Que s'était-il passé ? Fritz avoue que les domestiques s'étant moqué des Français, il n'avait pu s'empêcher, malgré la consigne de silence, de leur raconter le combat de son maréchal des logis et la mort du prince de Prusse.
Dans l'armée française, la nouvelle de la mort du prince Louis fuse de toutes parts, elle est célébrée par une chanson :
» C'est le prince Louis-Ferdinand
Qui se croyait un géant,
Ah ? l'imprudent !
Un hussard, bon là !
Lui dit : » N'allez pas si vite
Ou bien, sinon ça,
Je vous lance une mort subite
À la papa. »
Le 14 octobre 1806, Guindey est nommé maréchal des logis chef au 10e Hussards. Il fait ensuite toutes les campagnes.
Blessé à Pultusk d'un coup de sabre à la main gauche (26 déc. 1806). Nommé sous-lieutenant (10e Hussards), le 20 avril 1807, il reçoit la Légion d'honneur, il n'a que 22 ans! En Espagne, avec le 10e Hussards il est grièvement blessé d'un coup de feu devant Saragosse (21 déc. 1808) (3). Détaché auprès du général Piré, il est blessé à nouveau à Wagram d'un coup de pointe, deux chevaux tués sous lui (6 juillet 1809) (3, 4). Nommé lieutenant au 8e Hussards (11 septembre 1809) (5).

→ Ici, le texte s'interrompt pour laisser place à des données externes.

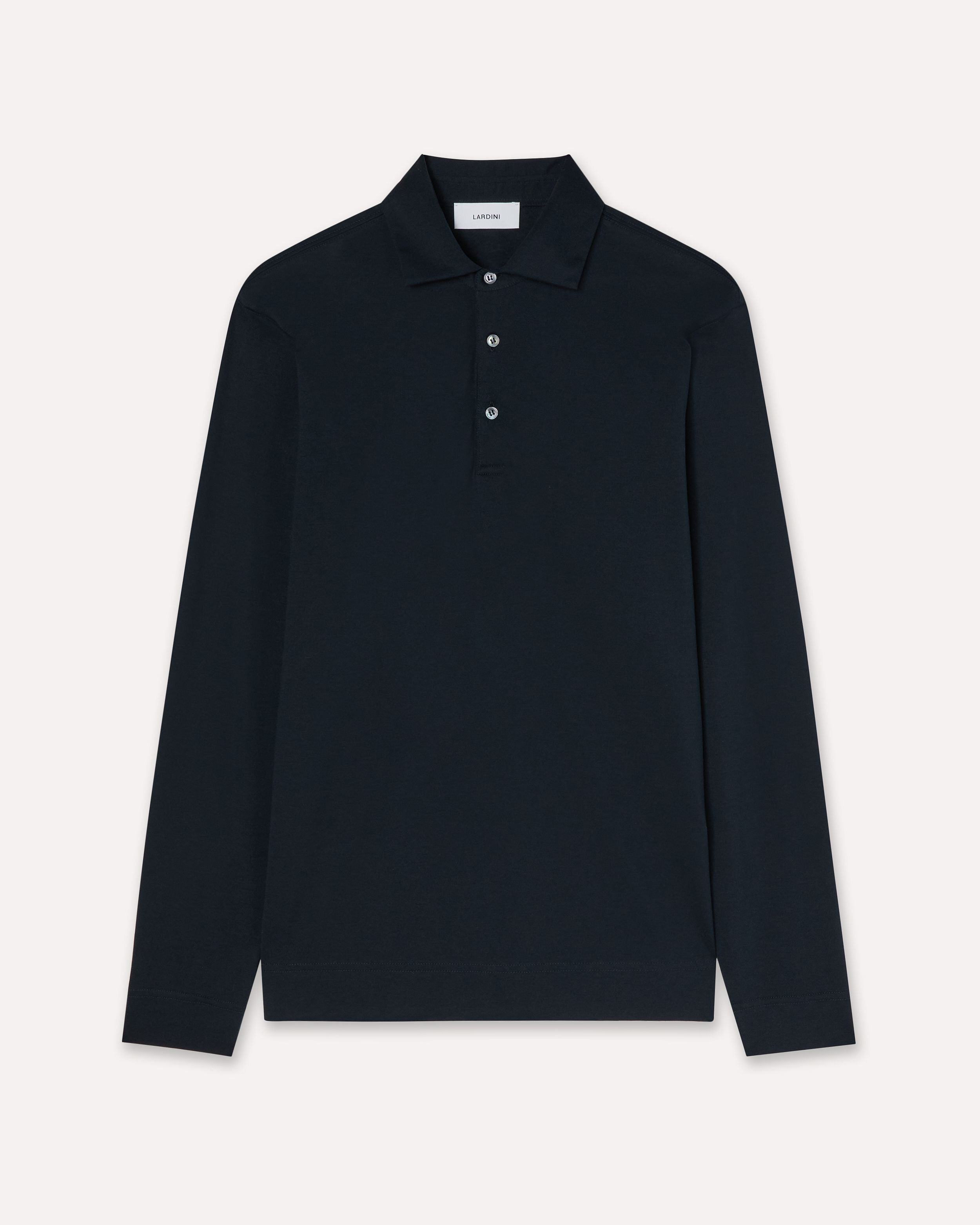 Polo a manica lunga blu in jersey di cotone e seta BLUE Lardini 1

Puis, il est admis dans la Garde Impériale : nommé lieutenant en second aux Grenadiers à cheval de la Garde (24 juin 1811), lieutenant en second sous-adjudant-major (6 déc. 1811). Il fait la campagne de Russie (1812). Nommé lieutenant en premier, sous-adjudant-major (9 février 1813) (5). Officier de la Légion d'honneur (14 septembre 1813).
Après Leipzig (16-19 oct. 1813), les Bavarois, nos alliés d'hier qui ont changé de camp, prétendent empêcher la retraite française sur le Rhin. La Vieille Garde reçoit la mission de les neutraliser. Elle livre bataille à Hanau (29-30 oct. 1813), et assure la retraite de toute l'armée. Mais la cavalerie de la Garde a essuyé des pertes.

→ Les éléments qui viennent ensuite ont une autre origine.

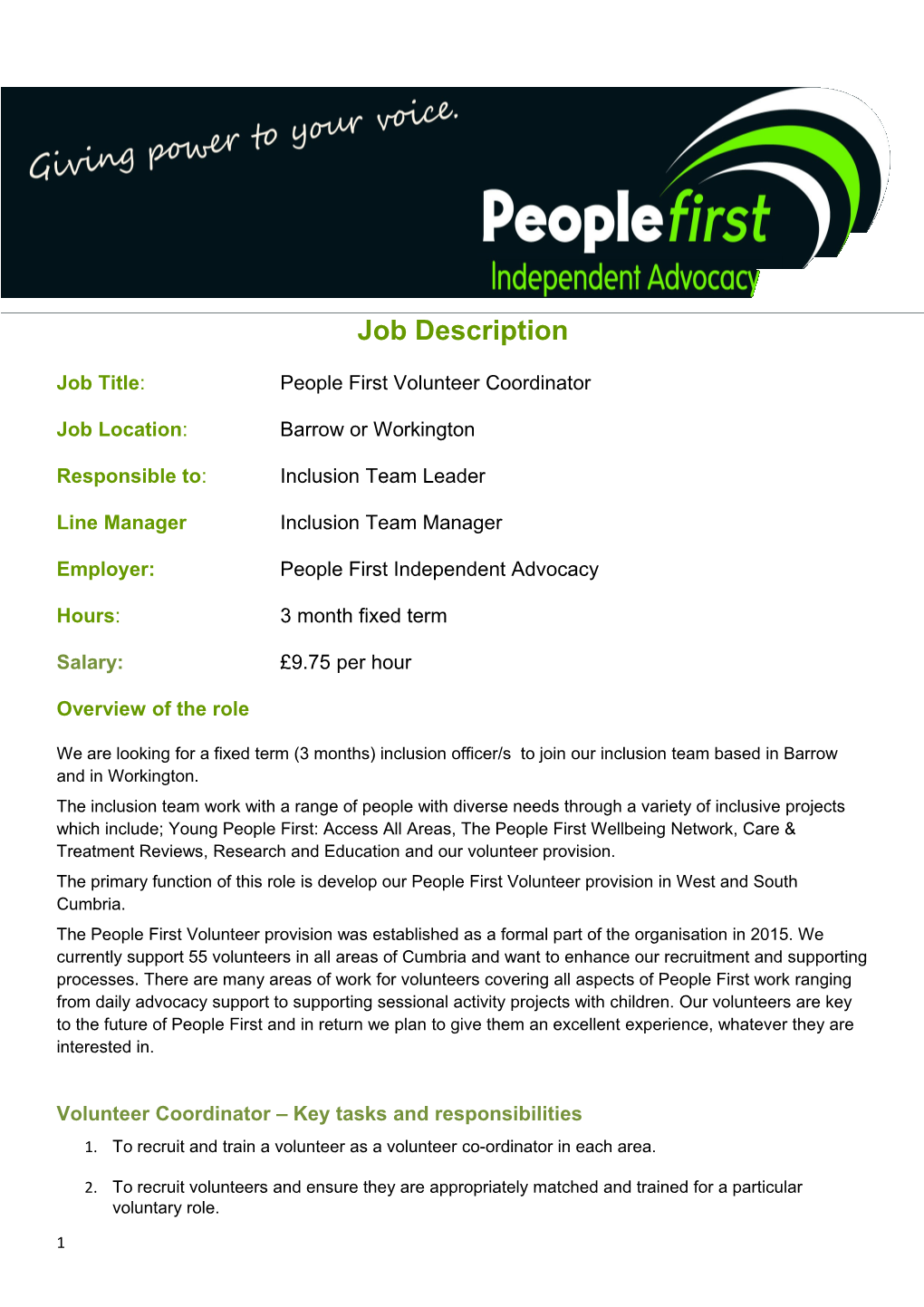 Job Title: People First Volunteer Coordinator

Guindey est » trouvé mort le soir, sur le champ de bataille, tout couvert de coups de sabre, au milieu d'une demi-douzaine de cadavres de chevau-légers bavarois, à qui il avait fait payer cher sa mort » (Souvenirs du commandant Parquin, p. 286).Ainsi, le lieutenant Guindey est mort glorieusement, à Hanau, le 29 octobre 1813 (3). Il n'avait que 28 ans.
Le 17 septembre 1903, à Laruns, a été inauguré, sur la place de l'église, le monument élevé par le Souvenir Français au glorieux soldat Jean-Baptiste Guindey (voir la revue Tradition magazine, n° 118, janvier 1997, p. 49 ; Répertoire mondial des souvenirs napoléoniens, éditions SPM, p. 222).

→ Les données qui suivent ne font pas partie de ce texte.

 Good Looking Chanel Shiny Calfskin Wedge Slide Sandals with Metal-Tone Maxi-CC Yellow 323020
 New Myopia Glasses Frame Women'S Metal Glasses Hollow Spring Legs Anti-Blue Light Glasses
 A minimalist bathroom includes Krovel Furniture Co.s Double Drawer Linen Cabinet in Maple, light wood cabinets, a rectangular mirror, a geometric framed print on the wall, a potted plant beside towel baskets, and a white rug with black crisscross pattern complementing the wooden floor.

D'autre part, le 13 novembre 1903, on a aussi inauguré à Paris, au cimetière Montmartre (27e division), une réplique du monument de Laruns (sans le buste), le bas-relief représente le combat singulier de Saalfeld (Tradition magazine précitée, p. 48 ; Répertoire mondial…, p. 290).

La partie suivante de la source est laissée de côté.